Urgían nuevas recetas para frenar los encarecimientos de algunos productos y ahí intenta atacar el tercer paquete de medidas que aprobó ayer el Consejo de Ministros. Descartada la ocurrencia de topar precios en los supermercados por su riesgo distorsionante, sí se incluye una rebaja durante medio año del IVA de los alimentos más básicos, aunque algo más descafeinada de lo esperado. Habrá también un 'cheque-comida' de 200 euros para las familias más vulnerables. Es preciso extremar la vigilancia para que la rebaja del IVA se traslade cuanto antes a los precios, no vayan a estar tentados algunos a la picaresca, como se sospecha que ha podido pasar en ocasiones con el descuento de los combustibles que ahora desaparece de manera generalizada, con los riesgos inflacionistas que ello también implica. 

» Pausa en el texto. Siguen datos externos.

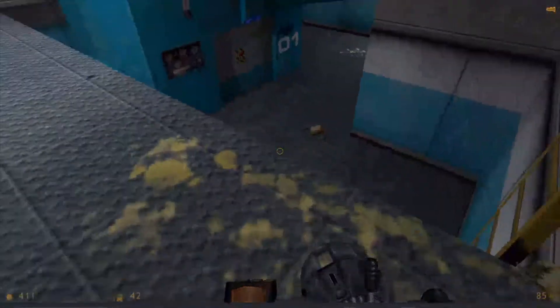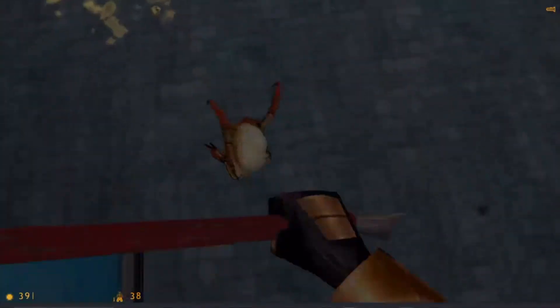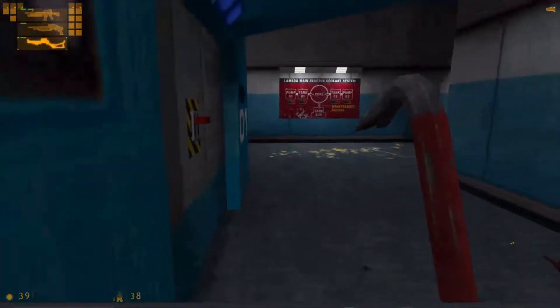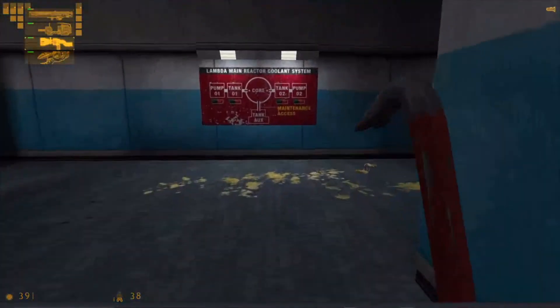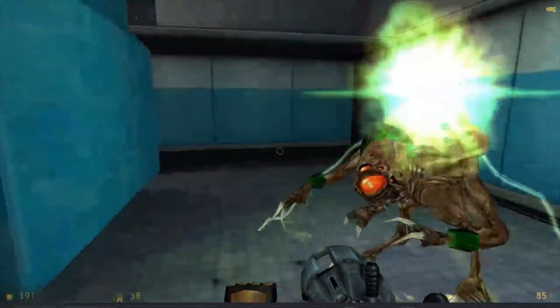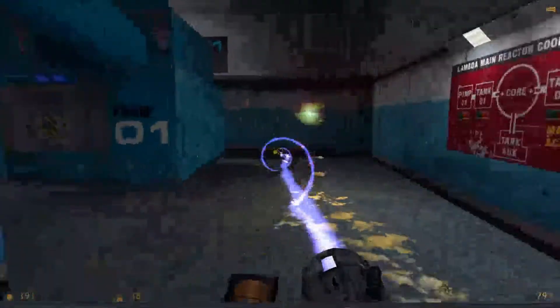First, what does it do? The Gluon Gun shoots a concentrated number of Gluons in a beam-like manner. If aimed at a person or enemy, they will just disappear or explode.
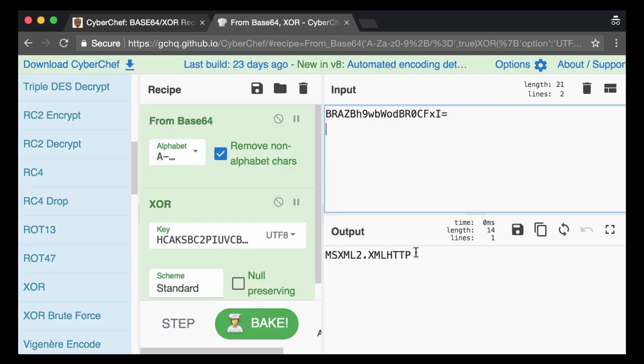So this shows you how you can use CyberChef with the GUI tool, and because this is not command line, this is with a GUI interface to help you analyze and decode encoded obfuscated strings that you might find.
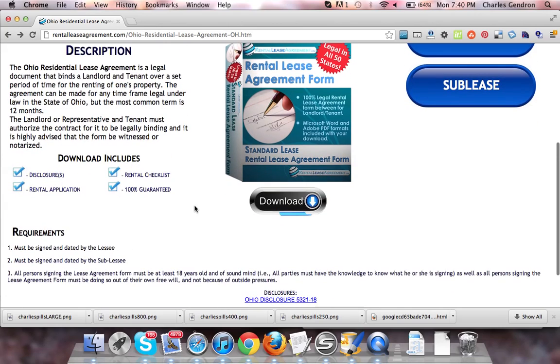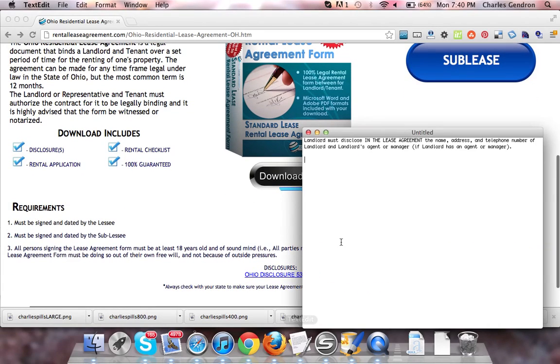Let's take a look at the disclosure. The landlord must disclose in the lease agreement the name, address, and telephone number of the landlord and landlord's agent or manager, if the landlord has an agent or manager.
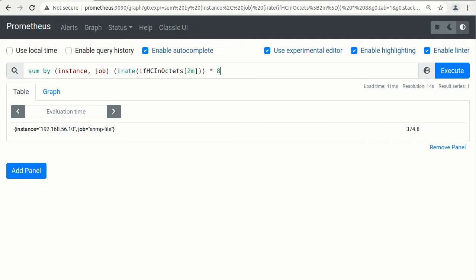In that way, we are getting aggregated inbound traffic rate for all interfaces. And what is interesting here, that from range vector as a result we are getting an instant vector. That limits what kind of function we can apply to this result for further aggregation or recalculation.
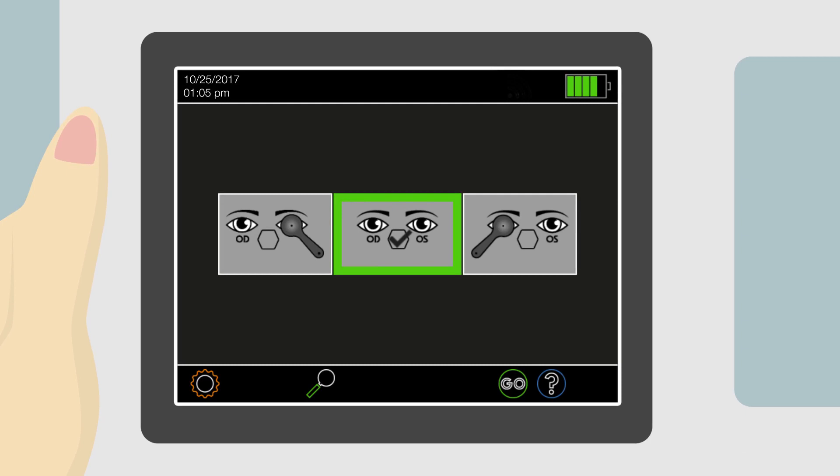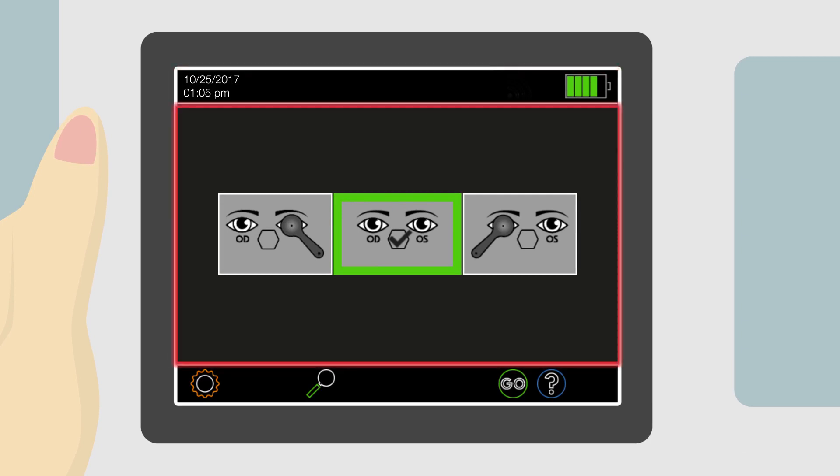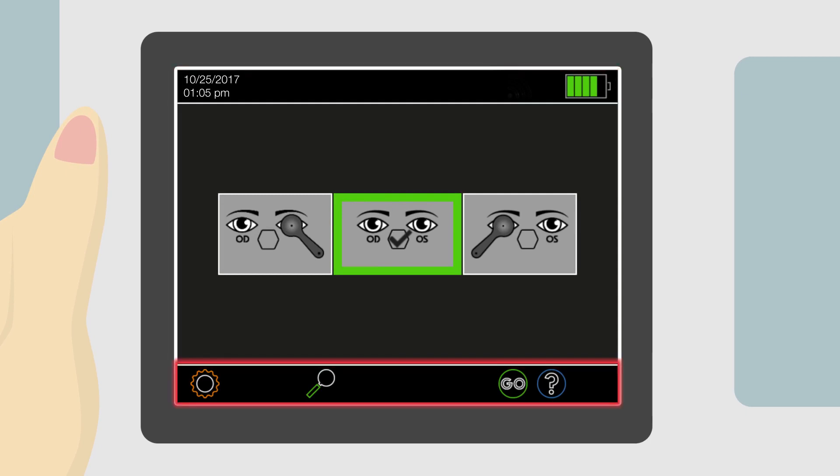The screen is composed of a header bar, an information section, and a navigation bar.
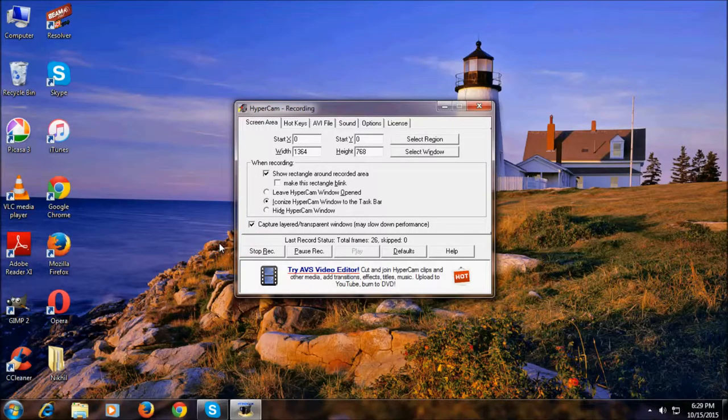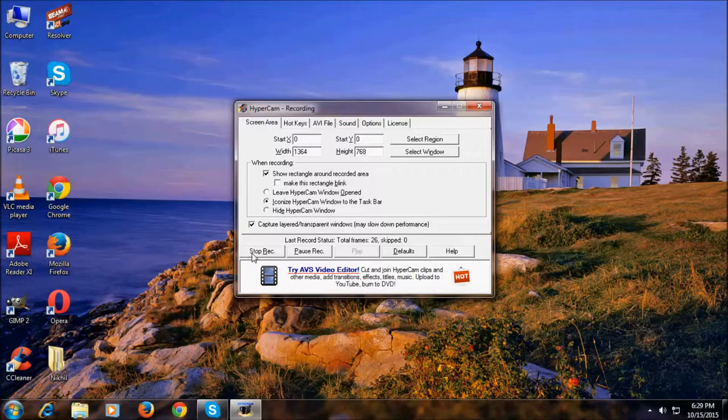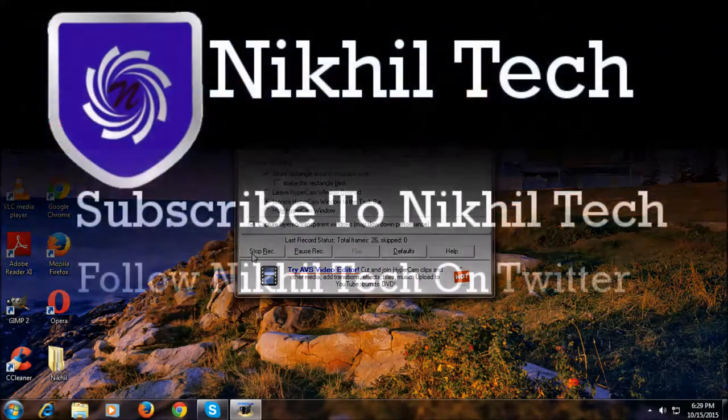That's it for now guys, I'll see you in my next video. Subscribe to Nikhil Tech to watch more videos like this.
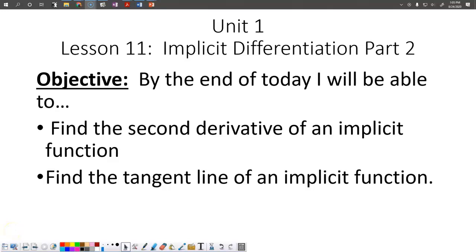We're going to talk more about implicit differentiation today. First, we'll talk about how to find the second derivative of an implicit function. The next thing we'll do is go back to the tangent line concept, but we'll do it with an implicit function.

El tiempo dictará si estas medidas son tan insuficientes como vaticina un PP que vuelve a adelantarse al Gobierno en las propuestas económicas, pero que sigue peleado con la coherencia argumental en esta materia. Es cuando menos incongruente reprochar que esto sea propaganda y otro despilfarro del presidente en año electoral, mientras se afea que las medidas aprobadas se quedan cortas. Tanto como votar en su día contra el descuento de los 20 céntimos en los carburantes y ahora exigir que se mantenga. En principio, parecen medidas que servirán para aliviar la inflación, beneficiarán a las rentas más bajas y serán transitorias, de manera que no afectan al déficit estructural y no generan conflicto con Bruselas. Pero ni estas ni las anteriores son para ponerse tantas medallas, que más merecerían exhibirse en la pechera de las exiguas economías domésticas de muchas familias españolas.